> _ABOUT THIS EXERCISE_:
Please copy exactly the part of the records below that opens with the line containing "A spacious living" and closes with the line containing "a car parked in front of a building", leaving out any pictures.

> _MATERIAL SHOWN_:

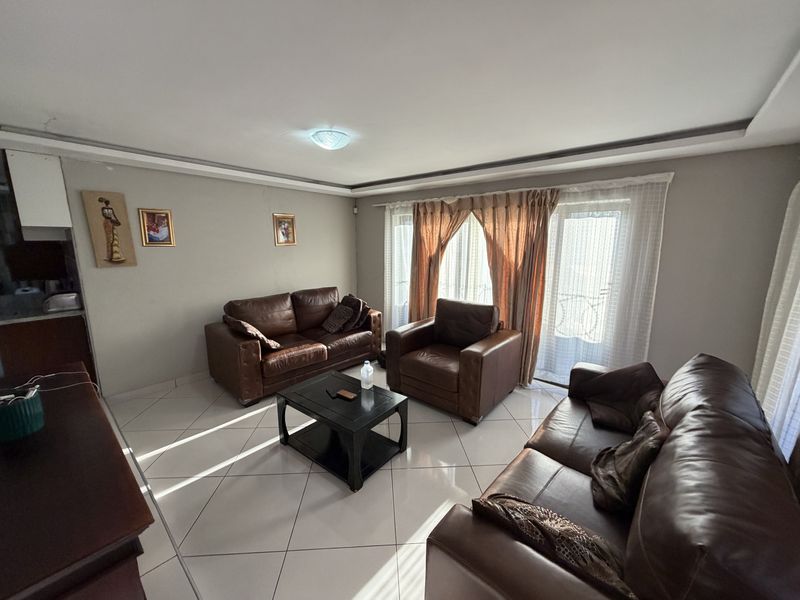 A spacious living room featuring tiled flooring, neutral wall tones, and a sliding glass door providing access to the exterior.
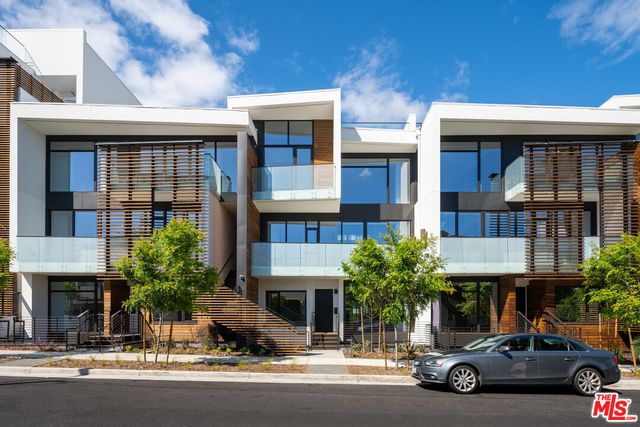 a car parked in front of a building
* * *
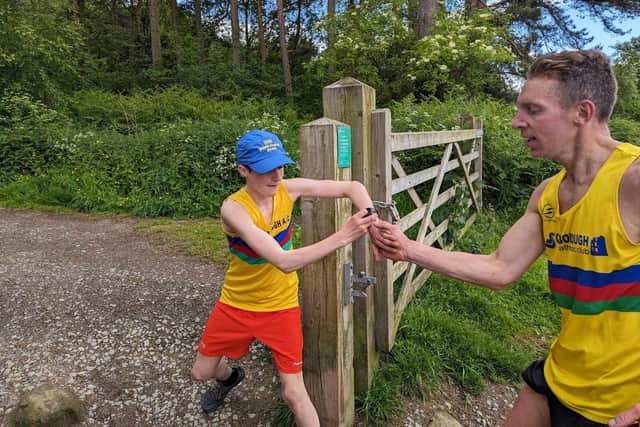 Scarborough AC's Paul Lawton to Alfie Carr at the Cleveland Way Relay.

> _ANSWER SECTION_:
 A spacious living room featuring tiled flooring, neutral wall tones, and a sliding glass door providing access to the exterior.
 a car parked in front of a building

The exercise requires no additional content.